Dorobantu Dan M, Radulescu Cristina R, Riding Nathan, McClean Gavin, de la Garza María-Sanz, Abuli-Lluch Marc, Duarte Nuno, Adamuz Maria Carmen, Ryding Diane, Perry Dave, McNally Steve, Stuart A Graham, Sitges Marta, Oxborough David L, Wilson Mathew, Williams Craig A, Pieles Guido E
Children's Health and Exercise Research Centre, University of Exeter, Exeter, UK; Population Health Sciences and Medical Schools, University of Bristol, Bristol, UK; Congenital Heart Unit, Bristol Royal Hospital for Children and Heart Institute, Bristol, UK.
Congenital Heart Unit, Bristol Royal Hospital for Children and Heart Institute, Bristol, UK; Department of Paediatrics, "Carol Davila" University of Medicine and Pharmacy, Bucharest, Romania.
Int J Cardiol. 2023 Jan 15;371:500-507. doi: 10.1016/j.ijcard.2022.09.076. Epub 2022 Oct 8.
Current echocardiographic criteria cannot accurately differentiate exercise induced left ventricular (LV) hypertrabeculation in athletes from LV non-compaction cardiomyopathy (LVNC). This study aims to evaluate the role of speckle tracking echocardiography (STE) in characterising LV myocardial mechanics in healthy adolescent athletes with and without LVNC echocardiographic criteria.
Adolescent athletes evaluated at three sports academies between 2014 and 2019 were considered for this observational study. Those meeting the Jenni criteria for LVNC (end-systolic non-compacted/compacted myocardium ratio > 2 in any short axis segment) were considered LVNC+ and the rest LVNC-. Peak systolic LV longitudinal strain (S), circumferential strain (S), rotation (Rot), corresponding strain rates (SR) and segmental values were calculated and compared using a non-inferiority approach.

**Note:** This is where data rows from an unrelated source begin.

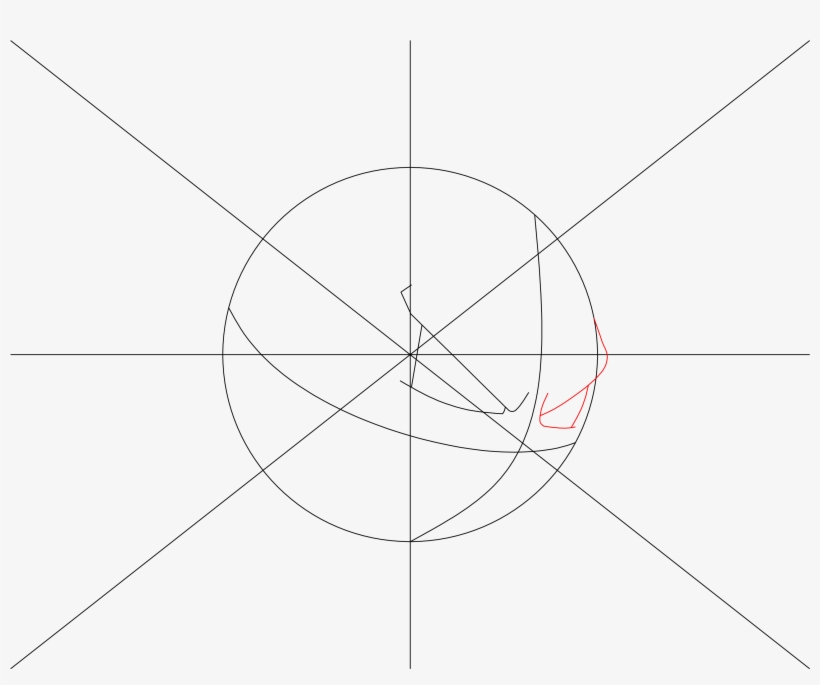 How To Draw Pokemon Voltorb Step 6, transparent png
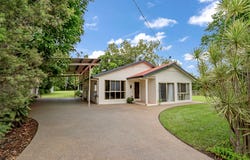 6 Octagonal Crescent, Kelso, Qld 4815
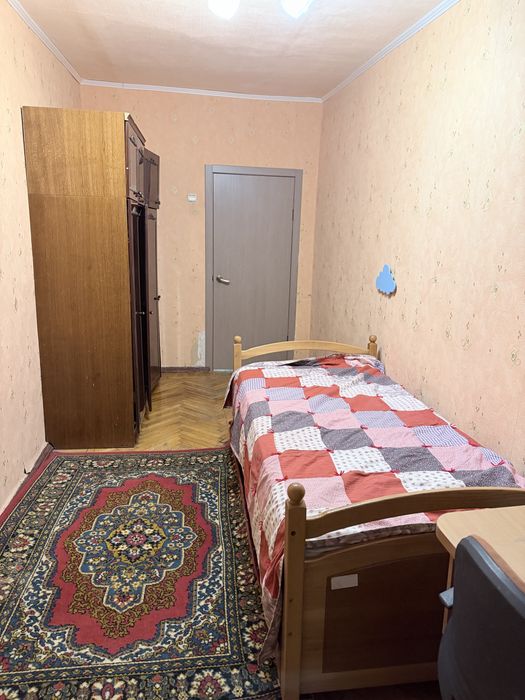 Квартира на Шевченківський в Харкові, ID 474994, фото №15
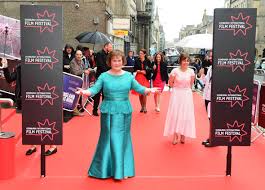 Susan boyle came second place in bgt 2009 (image: Susan Boyle Net Worth Ahead Of Return To The Spotlight Singer Has This Much In 2018 Express Co Uk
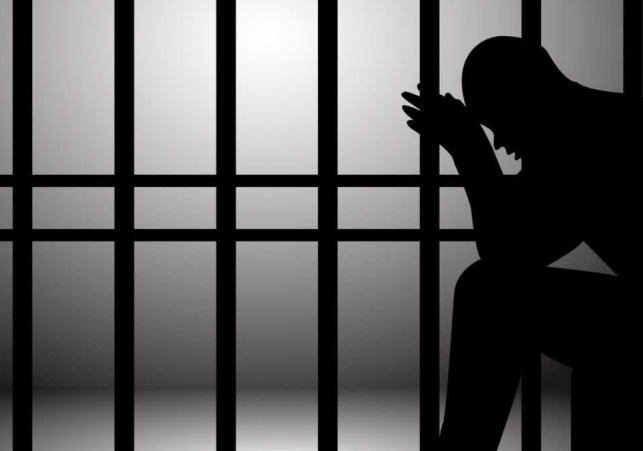 Child Pornography CBI Action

A total of 417 participants were included, mean age 14.5 ± 1.7 years, of which 6.5% were LVNC+ (n = 27). None of the athletes showed any additional LVNC clinical criteria. All average S, SR S, SR and Rot values were no worse in the LVNC+ group compared to LVNC- (p values range 0.0003-0.06), apart from apical SR (p = 0.2). All 54 segmental measurements (S/S SR/SR and Rot) had numerically comparable means in both LVNC+ and LVNC-, of which 69% were also statistically non-inferior.
Among healthy adolescent athletes, 6.5% met the echocardiographic criteria for LVNC, but showed normal LV STE parameters, in contrast to available data on paediatric LVNC describing abnormal myocardial function. STE could better characterise the myocardial mechanics of athletes with LV hypertrabeculation, thus allowing the transition from structural to functional LVNC diagnosis, especially in suspected physiological remodelling.

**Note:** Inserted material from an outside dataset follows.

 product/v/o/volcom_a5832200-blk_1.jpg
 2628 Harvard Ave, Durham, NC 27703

目前的超声心动图标准无法准确区分运动员运动诱发的左心室(LV)小梁增多与左心室心肌致密化不全心肌病(LVNC)。本研究旨在评估斑点追踪超声心动图(STE)在表征有无LVNC超声心动图标准的健康青少年运动员左心室心肌力学中的作用。
本观察性研究纳入了2014年至2019年间在三所体育学院接受评估的青少年运动员。符合LVNC的Jenni标准(任何短轴节段的收缩末期非致密化/致密化心肌比率>2)的运动员被视为LVNC+组,其余为LVNC-组。使用非劣效性方法计算并比较左心室收缩期峰值纵向应变(S)、圆周应变(S)、旋转(Rot)、相应的应变率(SR)和节段值。
共纳入417名参与者,平均年龄14.5±1.7岁,其中6.5%为LVNC+组(n = 27)。所有运动员均未表现出任何其他LVNC临床标准。除心尖SR外(p = 0.2),LVNC+组的所有平均S、SR S、SR和Rot值与LVNC-组相比均无更差(p值范围为0.0003 - 0.06)。LVNC+组和LVNC-组的所有54个节段测量值(S/S SR/SR和Rot)在数值上具有可比的均值,其中69%在统计学上也无劣效性。
在健康青少年运动员中,6.5%符合LVNC的超声心动图标准,但左心室STE参数正常,这与关于小儿LVNC描述心肌功能异常的现有数据形成对比。STE可以更好地表征有LV小梁增多的运动员的心肌力学,从而实现从结构性LVNC诊断向功能性LVNC诊断的转变,尤其是在疑似生理性重塑的情况下。